Showing posts with label making goals and sticking to them. Show all posts
Showing posts with label making goals and sticking to them. Show all posts

Friday, October 28, 2011

How do you measure personal growth?

I work in Social Work. For the past 17 years, I have seen trends in Social Work come and go. Currently, we used Motivational interviewing and Illness Management and Recovery techniques to help people move forward in their recovery journeys. Now, the people in charge of our mental health programs are looking for "measurable" goals. I get it. It means, if someone has a goal for themself how do we, the workers, measure their progress. It makes sense from a beauracratic point of view because in this day and age of cut backs and diminishing budgets, the government wants hard data to show that people are getting better.

I'm conflicted about the methods being bantered about as to how to do this. I believe that individuals are their own best measuring tool. Unfortunately, the tools we're given want to measure things in percentages. For example, if someone states their goal as "I want to be more socialable." The tools ask us to give this a percentage which might look like "Joe will attend Social Group 3x per month." Now that doesn't look so bad except I have to wonder if Joe only shows up for 2x per month, does make Joe a failure? Or what if Joe increases to 5x per month, does that make him an overachiever? The problem I have is that these measurable goals say very little about Joe's personal experience at that social group. It leans more toward making poor Joe another statistic than seeing him as a human being.

I remember 17 years ago, when I was just starting out, these types of percentage goals were very much the norm. Case management was like being a broker and all we managed was numbers, not people. It saddens me to think that we seem to have come full circle. I hope that there is a way to keep the person at the center of it all. I wish there was some way to convince funding sources and government agencies that just talking to people is the best measure of how successful a person is in achieving their goals. And, when someone is living with a mental illnes, those goals are fluid, they change, they take small steps and relapse is expected but not devestating. Isn't that the way it should be for all of us?

Monday, September 13, 2010

Feeling awfully good about myself!

So, I've been working really hard at losing weight these days. I joined Weight Watchers in July and I'm down 31 pounds since then. I think I've mentioned, Alex and I have joined a gym and I've been pretty faithful about going there at least three times per week. I do thirty to forty five minutes of cardio (treadmill, cycling and sometimes elliptical) and sometimes I throw in some weight circuits just for good measure. I HATE working out. I really do. Well, actually, it's the getting motivated to go work out that gets me. I'm not motivated, not really.

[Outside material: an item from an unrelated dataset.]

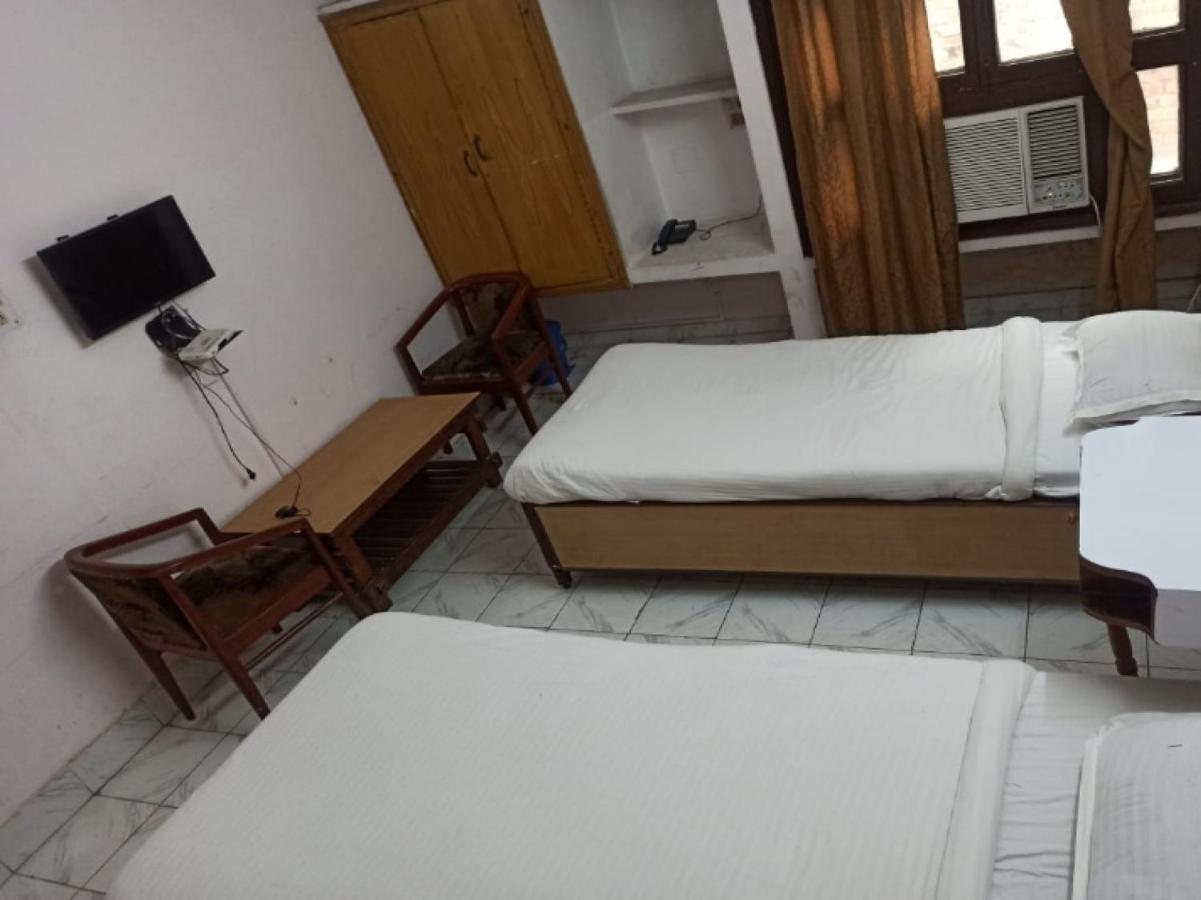 Oyo 80830 Hotel Buddha International Bodh Gaya Dış mekan fotoğraf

But I keep asking myself how badly do I want this? How much do I want to lose this extra weight once and for all and what am I willing to do to lose it?

Tonight, Alex was worn out. His sleep pattern is always weird and off and on and tonight he was too tired to go to the gym. It would have been easy for me to use that as an excuse to stay home. But I didn't. I went. On my own. And I did my full work out.

The thing is, once I am there, it feels good. I do like it. I feel better working out and it's fun. It's just getting there that's the hassle. But, oh well, I did it!! And that makes me feel pretty damn good about me.

My overall weight goal is big but I can't think about that. That would be too much to handle and I would be frustrated and quit. So, I am taking it one pound at a time, one meal at a time, one work out at a time. And it's working. I have two newish pair of jeans that I can no longer wear. And not because they're too tight. They're way too big! I can put them on and take then off without unzipping them! Hahah! So, I'm making a box load of clothes to give away.

Also, since the holidays are looming. I'm going to take part in a Food Collection Challenge. For every pound I lose between now and Thanksgiving, I'm going to donate a pound of non-perishable items to a local food bank. It's gonna be good seeing that food donation pile grow as the pounds come off!

My ultimate fitness goal is to be able to run. Oh, I can run now but I mean to run...like a long way...outside. Just for fun! It's coming. I know it is. Until then, one pound at a time. I'll get there!